4.8 Le parc de La Batisse près de Chanonat.
C’est un témoignage célèbre de l’histoire des jardins au 18ème siècle (Cf. Marlin C., Pernet A., Analyse et bilan de la politique des sites protégés dans le département du Puy-de-Dôme, Diren Auvergne, 2009).
4.9 Le hameau de Randols dans la vallée de la Monne
Le hameau est un îlot habité par les religieux sur un versant de la vallée de la Monne entièrement boisé. La gestion des alentours par les religieux, exerçant un faible niveau de pression sur le milieu est exemplaire. L’atmosphère du hameau s’en ressent.
(cf. Exemples de projets locaux : la gestion des alentours du hameau de Randol + Marlin C., Pernet A., Analyse et bilan de la politique des sites protégés dans le département du Puy-de-Dôme, Diren Auvergne, 2009.)
4.10 L’expérience du ciel et l’observation des oiseaux.

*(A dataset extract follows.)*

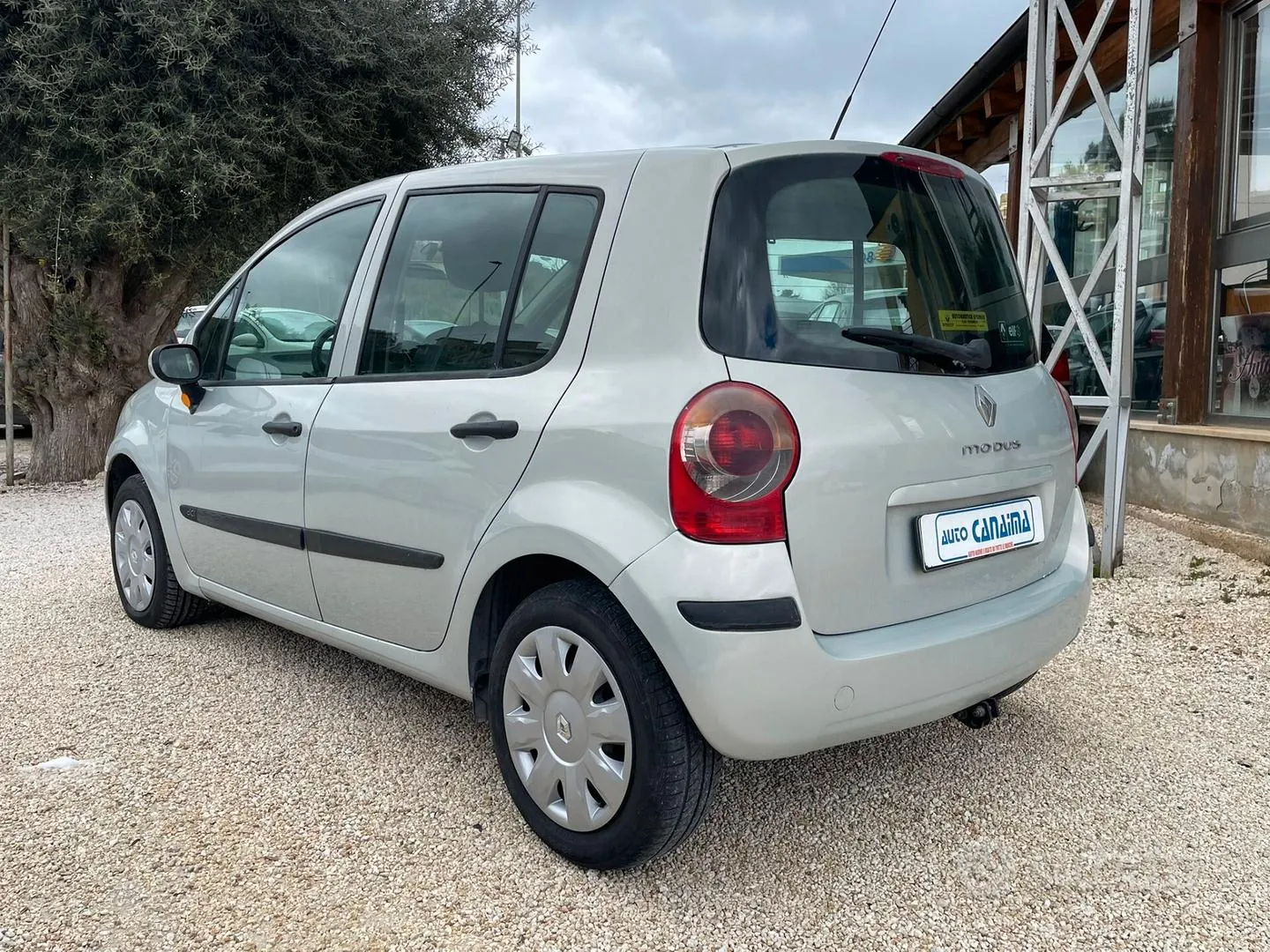 Renault Modus 2006 photo 4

La montagne de la Serre et le plateau de Pardines sont des lieux réputés pour l’observation des oiseaux. La richesse des espaces, en partie agricoles et en partie abandonnés à la reconquête végétale spontanée est propice à la présence de nombreuses espèces. Ils forment de plus un belvédère privilégié sur le goulet topographique situé en fond de Limagne pour observer les oiseaux migrateurs en automne.
5. CE QUI CHANGE OU EST EN TRAIN DE CHANGER
- Les secteurs bénéficiant de la proximité du bassin d’Issoire subissent des extensions récentes sous forme pavillonnaire qui constituent de nouveaux pôles d’urbanisation.

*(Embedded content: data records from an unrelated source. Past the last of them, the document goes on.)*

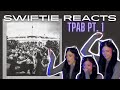 SWIFTIE REACTS Kendrick Lamar S To Pimp A Butterfly Pt 1 Initial Reaction Analysis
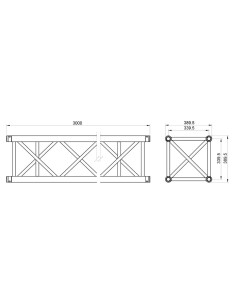 Contestage - QUATRO39-300 blk - Terre de Son 2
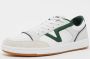 Vans Lowland CC JMP Court Green White Sneakers White Heren - Thumbnail 11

- Une forte diminution de la superficie en vignoble.
Les coteaux exposés à l’est sur substrat calcaire ont été largement exploités en vignobles jusqu’à une époque récente, postérieure à la crise du Phylloxéra. Leur forte régression a laissé des pans entiers de coteaux en friches où l’on décèle encore les trames du parcellaire. - La régression rapide de la culture de la pomme.
Dans les vallées, à l’aval, les vergers ont là aussi largement régressé. Ils ont été le plus souvent arrachés, laissant la place à de grandes cultures, à des prairies ou à des friches. - La mécanisation des grandes cultures et l’agrandissement des trames parcellaires.
- Une extension des boisements et plantations sylvicoles sur les pentes des vallées.